Socio-Historical Context: De Jure and De Facto Segregation

Swim Team draws on the history of segregation and racial discrimination through the lens of access to public facilities like swimming pools. Etta, Bree’s coach, experienced the results of desegregation and the ways in which public pools still engaged in discriminatory practices even after segregation formally ended.

In 1964, Congress passed the Civil Rights Act, which outlawed segregation in businesses like theaters, hotels, and restaurants as well as in public places like libraries and swimming pools. Legal segregation—otherwise known as “de jure” segregation—thus ended, requiring that these facilities allow anyone inside regardless of race. However, de facto segregation, which refers to segregation that occurs regardless of the law, continued. It was implemented in a variety of systemic ways, including by making public institutions private and requiring memberships to access them. In these cases, membership costs were often intentionally prohibitive for families, many of whom were Black. Additionally, as is evident in the novel, staff members of public facilities would continue to bar Black people from entry, which happens to Etta and her friends when they are children. In other cases, people used violence to restrict access, which the novel touches upon in a two-page panel. This discrimination on the part of staff members and white patrons alike served as a deterrent, making it uncomfortable—though not technically illegal—to access such facilities.
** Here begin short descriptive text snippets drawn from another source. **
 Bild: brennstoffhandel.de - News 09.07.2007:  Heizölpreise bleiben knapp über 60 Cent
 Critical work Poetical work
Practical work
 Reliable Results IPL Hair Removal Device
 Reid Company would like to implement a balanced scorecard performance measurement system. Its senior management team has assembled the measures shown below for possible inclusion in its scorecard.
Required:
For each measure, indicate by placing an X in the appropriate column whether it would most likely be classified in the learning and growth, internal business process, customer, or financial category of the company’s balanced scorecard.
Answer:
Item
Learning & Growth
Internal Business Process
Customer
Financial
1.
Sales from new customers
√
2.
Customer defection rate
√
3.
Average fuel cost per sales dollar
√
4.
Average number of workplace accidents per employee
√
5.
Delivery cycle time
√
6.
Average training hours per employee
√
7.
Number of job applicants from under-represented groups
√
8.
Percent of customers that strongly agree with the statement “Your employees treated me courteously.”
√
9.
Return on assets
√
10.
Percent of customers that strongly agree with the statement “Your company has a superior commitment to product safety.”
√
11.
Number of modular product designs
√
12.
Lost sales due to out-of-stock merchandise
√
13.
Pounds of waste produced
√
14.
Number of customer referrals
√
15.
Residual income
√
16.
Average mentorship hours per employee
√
As the novel demonstrates, this discomfort and collective anxiety surrounding supposedly “public” facilities has a ripple effect, creating impacts that persist to this day.

Both examples illustrate how de facto segregation occurred through the restriction of access to areas and resources anyone should be able to use; in this way, racial discrimination persisted. De facto segregation still occurs, and scholars continue to study the effect it has had on communities of color in the United States, especially as people often create stereotypes about these communities based on where they live or what resources they have access to, even though these things are often determined by a system that has been rigged against them.

Historical Context: Enith Brigitha

Bree’s school in Swim Team is aptly named Enith Brigitha, who was the first Black woman to medal in swimming at the Olympic games. Enith was born in 1955 in Curaçao, an island in the West Indies that is part of the Netherlands. Enith moved to the Netherlands as a teenager and began swimming for the Dutch Olympic team. Even on the world stage, she was often the only Black woman to compete in her events. Her first Olympic games were in Munich in 1972. In Montreal in 1976, she earned bronze medals in two freestyle races, making her the first Black woman in history to do so. Because the East German swimmers who placed ahead of her were on a team that was later found to be cheating, Brigitha considers herself a gold medalist. Brigitha also earned a number of medals at other international competitions. She was inducted into the International Swimming Hall of Fame in 2015. Brigitha went on to open a swimming school in Curaçao (“Enith Brigitha - Hall Of Fame Swimmer.” Swimming World Magazine).

By naming the middle school in Swim Team after Brigitha, the author is drawing upon a larger history of Black female athletes in swimming. It sets a strong example for the team, and the coach even references Enith Brigitha during the first swimming class of the school year. She asks if the students knew that the school was named after her and hopes to convince her students of the historical significance of swimming at the school, in the same way that Etta educates Bree. Invoking this history offers additional context for the achievements of Black women in swimming, and it connects Bree and Etta—who attended the same middle school—to this great athlete.